前のページ 次のページ

第6節 

5 有害廃棄物の越境移動の規制

 1970年代から80年代にかけて、先進諸国から輸出された有害廃棄物が開発途上国において不適切な処分や不法な投棄により環境汚染が生じたり、陸揚げを拒否され、有害廃棄物を積載した輸送船が行き先もなく海上を漂うなどの事件が多発しました。これらの事件の背景として、より規制が緩く処理費用もかからない開発途上国等へ輸出されがちなことが考えられ、こうして、有害廃棄物の越境移動問題は、先進国間だけでなく、途上国をも含んだ地球的規模での対応が必要な問題であるという認識が強まりました。
 こうした問題に対処するため、1989年(平成元年)3月、UNEPを中心に、バーゼル条約*が採択され、1992年(平成4年)に発効しました。

*バーゼル条約
「有害廃棄物の国境を越える移動及びその処分の規制に関するバーゼル条約」
有害廃棄物の輸出に際しての許可制や事前通告制、不適正な輸出、処分行為が行われた場合の再輸入の義務等を規定している。
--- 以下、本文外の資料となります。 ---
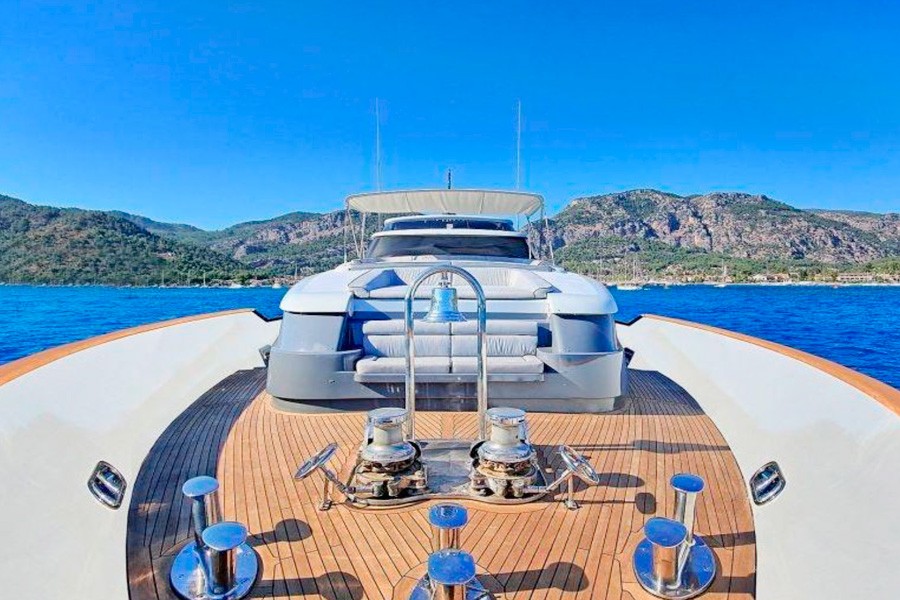 YAT М06-400 - BODRUM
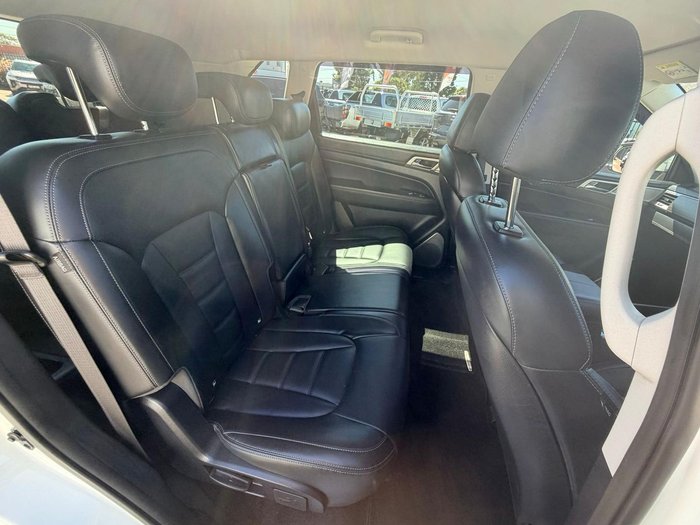 2019 SsangYong Rexton ELX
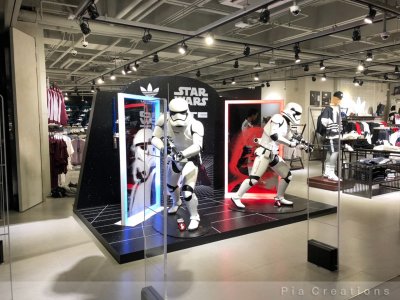 Adidas : Star Wars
 また、有害廃棄物の越境移動問題は、1992年(平成4年)にブラジルで開催された地球サミットにおいても地球環境問題の重要なテーマの一つとして取り上げられ、またアジェンダ21の中でもこの問題への取組の重要性が指摘されています。
 わが国においては、バーゼル法*が、平成4年に制定され、平成5年にバーゼル条約への加入を果たし、同年同条約はわが国について発効し、条約対応法である同法も施行されました。

*バーゼル法
特定有害廃棄物等の輸出入等の規制に関する法律

 また、わが国はOECD加盟国間のリサイクルを目的とした廃棄物の国境を越える移動の手続を規定するものとして、1992年(平成4年)3月に採択されたOECDの「回収作業が行われる廃棄物の国境を越える移動の規制に関する理事会決定」についても加入しており、同決定の適用のある廃棄物の越境移動は必要な規制が行われています。
 バーゼル条約の締約国は2002年(平成14年)1月2日現在で148か国及びECとなっており、おおむね2年ごとに開催される締約国会議において内容の充実及び見直し等が随時進められています。
 1995年(平成7年)9月の第3回バーゼル条約締約国会議において、OECD加盟国等から非OECD加盟国等への有害廃棄物の輸出を禁止すること等を内容とする条約改正案が採択されましたが、国際的な議論が継続して行われていることもあり、2002年(平成14年)1月現在発効にはいたっていません。
 1998年(平成10年)第4回締約国会議において、規制対象の範囲の明確化を図るため、同条約の規制対象及び規制対象外の廃棄物リストが新たな附属書として採択されました。これを受けわが国においては、同年11月に、バーゼル法の規制対象物となる「特定有害廃棄物等」を該当する物を定めました(図3-6-1)。



 さらに、1999年(平成11年)第5回締約国会議においては、有害廃棄物の越境移動及びその処分に伴って生じた損害についての賠償責任と補償の枠組みを定めた議定書が採択されました。
 このほか「廃棄物の処理及び清掃に関する法律」において廃棄物の輸出の場合の環境大臣の確認、廃棄物の輸入の場合の環境大臣の許可等廃棄物の輸出入についても必要な規制が行われています。
 バーゼル法に基づいて輸出が承認された有害廃棄物等の量は、毎年数百トンから1万数千トンとばらつきがあり、平成12年の1月から12月までの1年間では7,448トンとなっています。相手国はベルギー、カナダ、ドイツ、韓国、米国等であり、品目としては、はんだくず、鉛蓄電池やレンズ付フィルム等であり、いずれも銅、鉛、錫等の回収・再生利用を目的としたものでした。一方、バーゼル法に基づき輸入が承認された量は毎年数千トンから1万トン程度であり、平成12年の1月から12月までの1年間では10,231トンとなっています。相手国はオーストリア、フランス、オランダ、米国、韓国、シンガポール、フィリピン等で、品目としては、貴金属の粉、使用済み触媒、ガラスのくず等であり、いずれも銅、銀、鉛等の金属の回収等を目的とするものでした。
 また、バーゼル条約やバーゼル法等の周知を図り、廃棄物の不法輸出を防止するためのバーゼル法等説明会を全国各地で税関等の協力を得て開催するとともに、環境省・経済産業省において輸出入に関する事前相談を行いました。